(Records from a data source)
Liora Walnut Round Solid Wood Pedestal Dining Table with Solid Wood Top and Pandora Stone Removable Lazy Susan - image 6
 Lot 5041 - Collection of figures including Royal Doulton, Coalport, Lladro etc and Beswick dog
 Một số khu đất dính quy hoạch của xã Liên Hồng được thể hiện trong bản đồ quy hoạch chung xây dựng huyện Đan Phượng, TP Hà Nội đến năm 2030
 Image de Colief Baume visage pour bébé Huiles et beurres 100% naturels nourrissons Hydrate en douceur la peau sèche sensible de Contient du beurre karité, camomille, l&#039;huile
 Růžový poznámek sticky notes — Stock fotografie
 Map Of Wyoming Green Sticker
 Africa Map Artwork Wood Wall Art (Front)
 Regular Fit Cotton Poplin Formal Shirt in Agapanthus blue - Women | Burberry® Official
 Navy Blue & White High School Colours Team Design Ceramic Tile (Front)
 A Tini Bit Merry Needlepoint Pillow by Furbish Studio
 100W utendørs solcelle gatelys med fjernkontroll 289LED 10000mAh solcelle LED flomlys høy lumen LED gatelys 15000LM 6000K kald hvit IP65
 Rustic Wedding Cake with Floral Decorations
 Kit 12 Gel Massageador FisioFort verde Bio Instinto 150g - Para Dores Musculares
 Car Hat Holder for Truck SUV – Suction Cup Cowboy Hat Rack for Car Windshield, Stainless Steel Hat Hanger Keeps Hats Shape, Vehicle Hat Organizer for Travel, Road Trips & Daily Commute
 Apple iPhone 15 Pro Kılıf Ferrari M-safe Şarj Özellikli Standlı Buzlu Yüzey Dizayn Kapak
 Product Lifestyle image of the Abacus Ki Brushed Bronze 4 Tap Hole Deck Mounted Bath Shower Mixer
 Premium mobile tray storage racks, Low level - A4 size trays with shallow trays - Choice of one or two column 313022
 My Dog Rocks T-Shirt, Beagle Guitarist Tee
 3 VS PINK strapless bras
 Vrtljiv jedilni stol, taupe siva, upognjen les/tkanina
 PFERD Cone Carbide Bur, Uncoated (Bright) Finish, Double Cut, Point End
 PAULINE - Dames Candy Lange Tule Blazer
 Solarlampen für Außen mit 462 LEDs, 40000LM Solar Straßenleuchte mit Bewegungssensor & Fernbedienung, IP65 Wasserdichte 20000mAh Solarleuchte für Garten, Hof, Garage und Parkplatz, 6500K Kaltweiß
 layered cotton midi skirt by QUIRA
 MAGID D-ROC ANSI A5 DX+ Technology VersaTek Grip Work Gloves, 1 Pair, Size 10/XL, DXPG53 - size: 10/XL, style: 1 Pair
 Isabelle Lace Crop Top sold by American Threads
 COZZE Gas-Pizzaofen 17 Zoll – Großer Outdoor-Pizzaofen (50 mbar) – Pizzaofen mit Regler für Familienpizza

YOUR ASSIGNMENT: Each line above is to be reproduced exactly.

WRITTEN RESPONSE:
Liora Walnut Round Solid Wood Pedestal Dining Table with Solid Wood Top and Pandora Stone Removable Lazy Susan - image 6
 Lot 5041 - Collection of figures including Royal Doulton, Coalport, Lladro etc and Beswick dog
 Một số khu đất dính quy hoạch của xã Liên Hồng được thể hiện trong bản đồ quy hoạch chung xây dựng huyện Đan Phượng, TP Hà Nội đến năm 2030
 Image de Colief Baume visage pour bébé Huiles et beurres 100% naturels nourrissons Hydrate en douceur la peau sèche sensible de Contient du beurre karité, camomille, l&#039;huile
 Růžový poznámek sticky notes — Stock fotografie
 Map Of Wyoming Green Sticker
 Africa Map Artwork Wood Wall Art (Front)
 Regular Fit Cotton Poplin Formal Shirt in Agapanthus blue - Women | Burberry® Official
 Navy Blue & White High School Colours Team Design Ceramic Tile (Front)
 A Tini Bit Merry Needlepoint Pillow by Furbish Studio
 100W utendørs solcelle gatelys med fjernkontroll 289LED 10000mAh solcelle LED flomlys høy lumen LED gatelys 15000LM 6000K kald hvit IP65
 Rustic Wedding Cake with Floral Decorations
 Kit 12 Gel Massageador FisioFort verde Bio Instinto 150g - Para Dores Musculares
 Car Hat Holder for Truck SUV – Suction Cup Cowboy Hat Rack for Car Windshield, Stainless Steel Hat Hanger Keeps Hats Shape, Vehicle Hat Organizer for Travel, Road Trips & Daily Commute
 Apple iPhone 15 Pro Kılıf Ferrari M-safe Şarj Özellikli Standlı Buzlu Yüzey Dizayn Kapak
 Product Lifestyle image of the Abacus Ki Brushed Bronze 4 Tap Hole Deck Mounted Bath Shower Mixer
 Premium mobile tray storage racks, Low level - A4 size trays with shallow trays - Choice of one or two column 313022
 My Dog Rocks T-Shirt, Beagle Guitarist Tee
 3 VS PINK strapless bras
 Vrtljiv jedilni stol, taupe siva, upognjen les/tkanina
 PFERD Cone Carbide Bur, Uncoated (Bright) Finish, Double Cut, Point End
 PAULINE - Dames Candy Lange Tule Blazer
 Solarlampen für Außen mit 462 LEDs, 40000LM Solar Straßenleuchte mit Bewegungssensor & Fernbedienung, IP65 Wasserdichte 20000mAh Solarleuchte für Garten, Hof, Garage und Parkplatz, 6500K Kaltweiß
 layered cotton midi skirt by QUIRA
 MAGID D-ROC ANSI A5 DX+ Technology VersaTek Grip Work Gloves, 1 Pair, Size 10/XL, DXPG53 - size: 10/XL, style: 1 Pair
 Isabelle Lace Crop Top sold by American Threads
 COZZE Gas-Pizzaofen 17 Zoll – Großer Outdoor-Pizzaofen (50 mbar) – Pizzaofen mit Regler für Familienpizza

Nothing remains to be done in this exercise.